**What needs to be done:** Beginning with the line that contains "Лот стари военни компаси", write out each remaining line of the records below exactly. Do not copy any picture.

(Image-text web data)
********

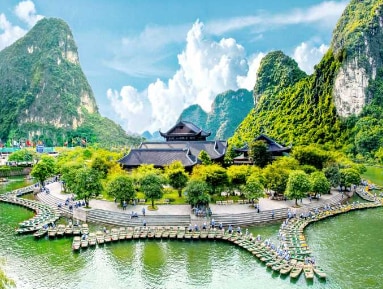 Beautiful resort and travel moment in Vietnam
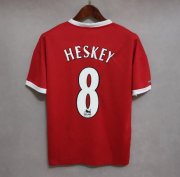 2000-01 Liverpool Retro Home Soccer Jersey Shirt Heskey #8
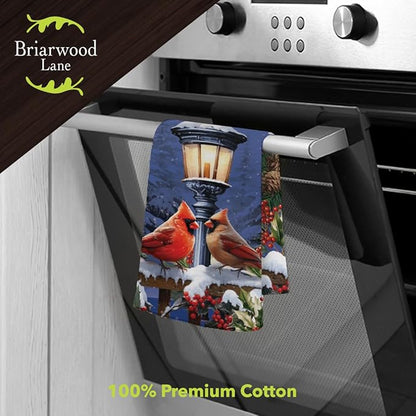Briarwood Lane Winter Flow Cardinals Cotton Hand Towel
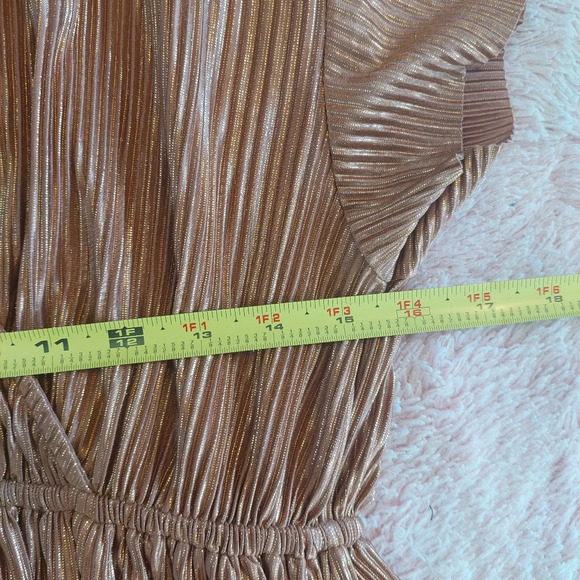 See and Be‎ Seen Bronze Gold Maxi Dress Size Small - Picture 8 of 10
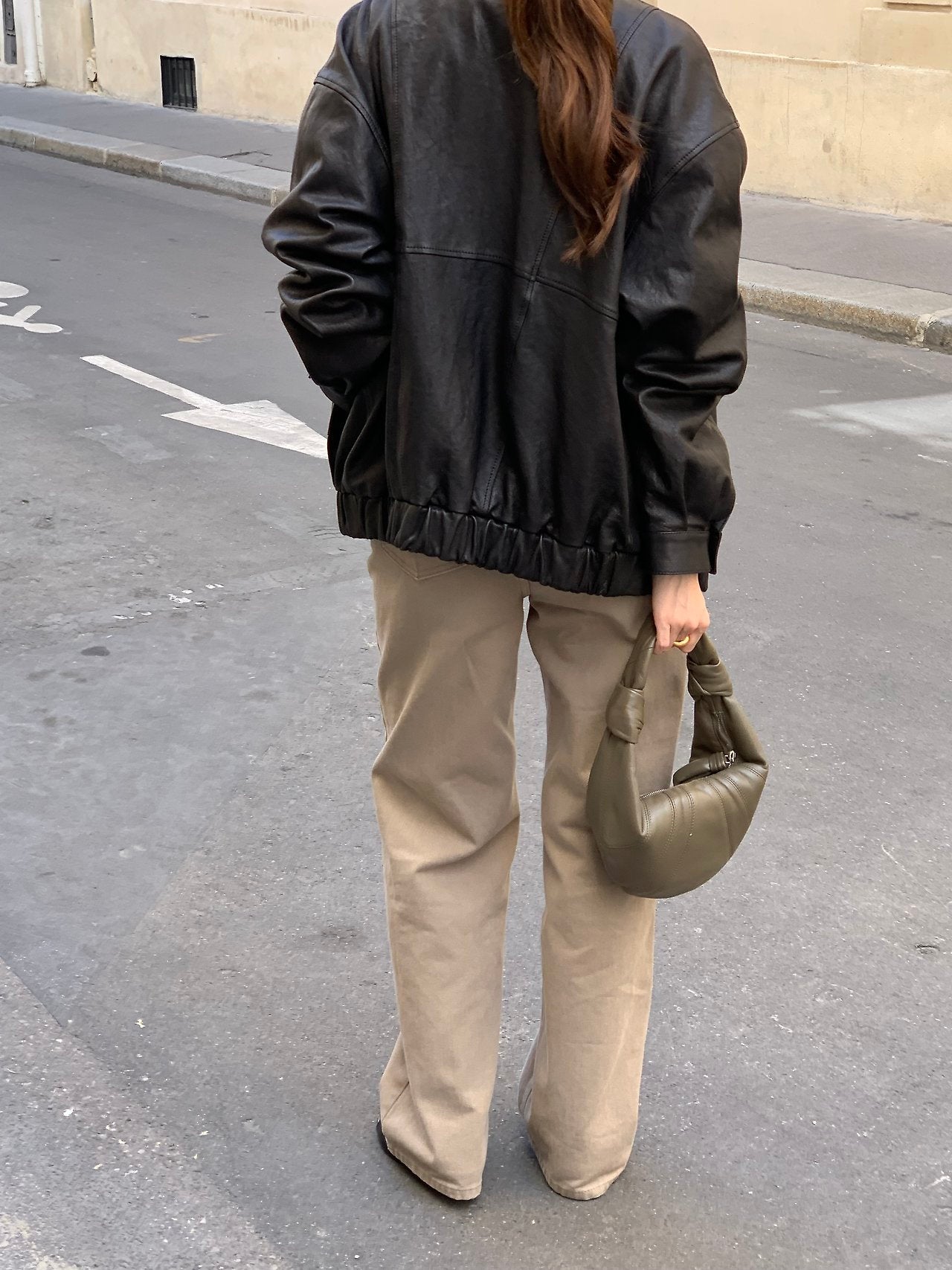 Hale lambskin leather blouson-2col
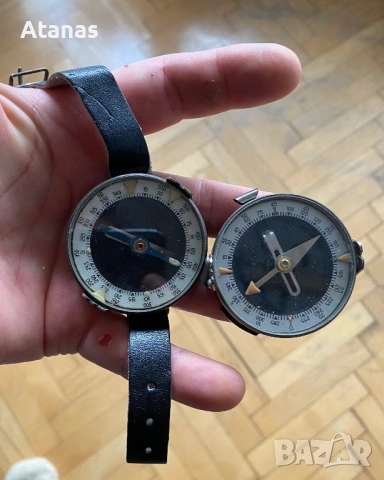 Лот стари военни компаси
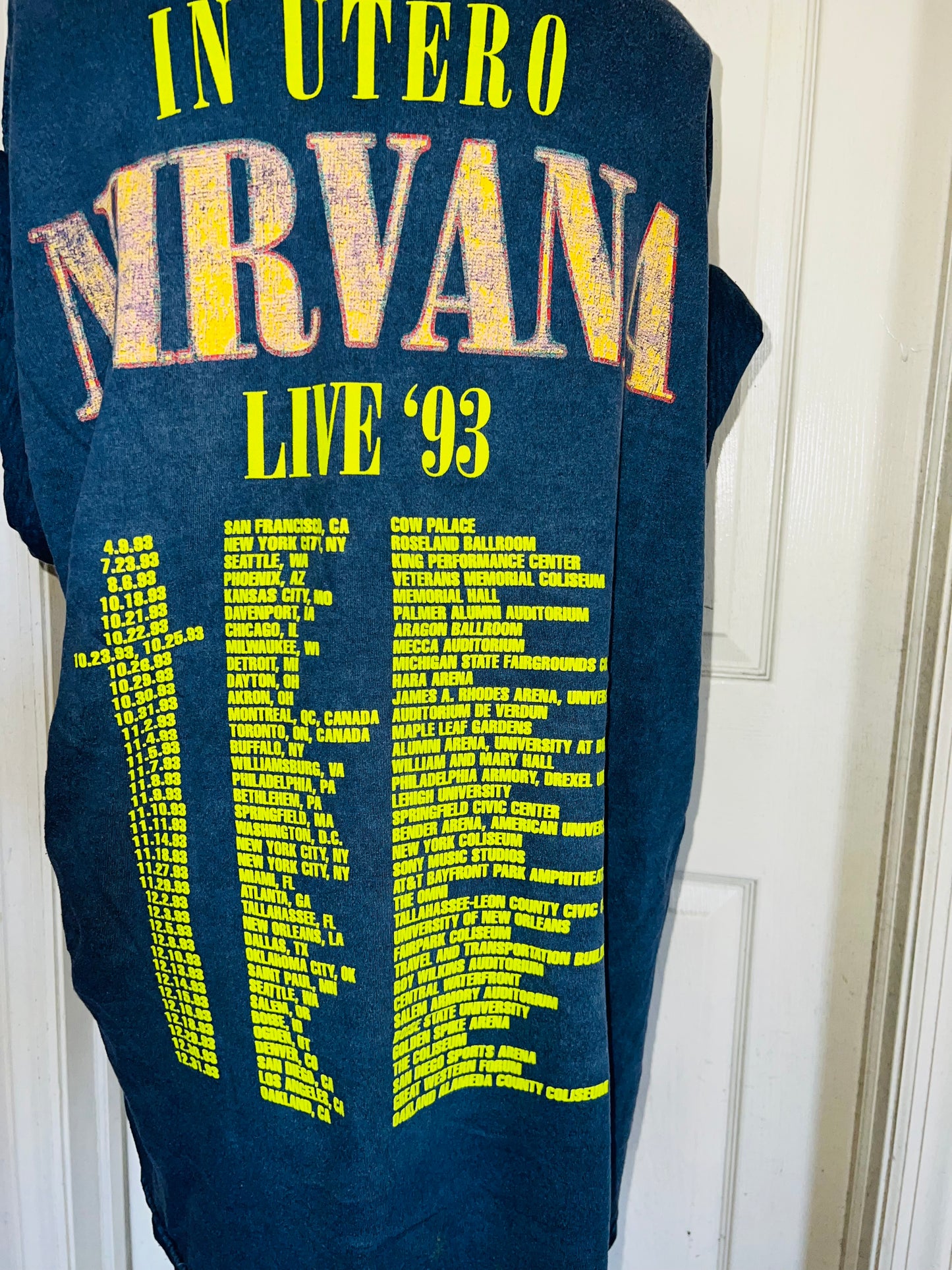 Nirvana Double Sided Oversized Distressed Tee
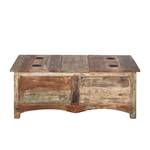 Table-coffre India Manguier massif verni - 115 x 67 cm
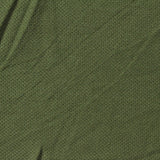 Olive Heather Piqué Knit, Poly-Cotton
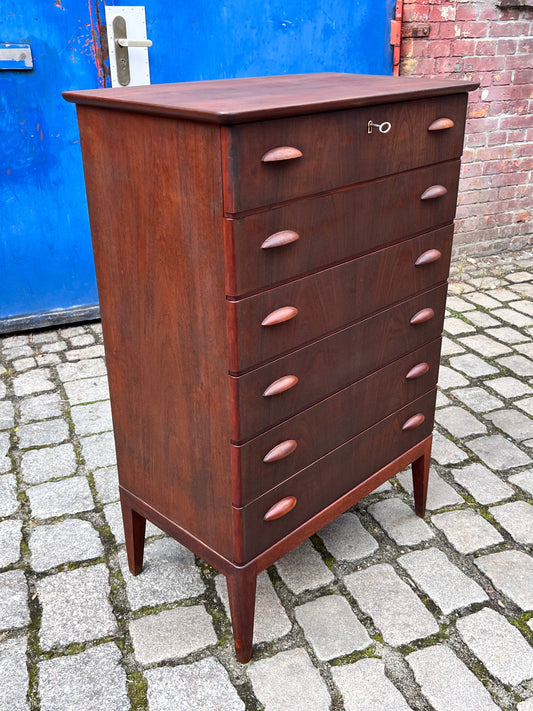 Kommode Teak mit Schloss aus Dänemark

********

**Response:**
 Лот стари военни компаси
 Nirvana Double Sided Oversized Distressed Tee
 Table-coffre India Manguier massif verni - 115 x 67 cm
 Olive Heather Piqué Knit, Poly-Cotton
 Kommode Teak mit Schloss aus Dänemark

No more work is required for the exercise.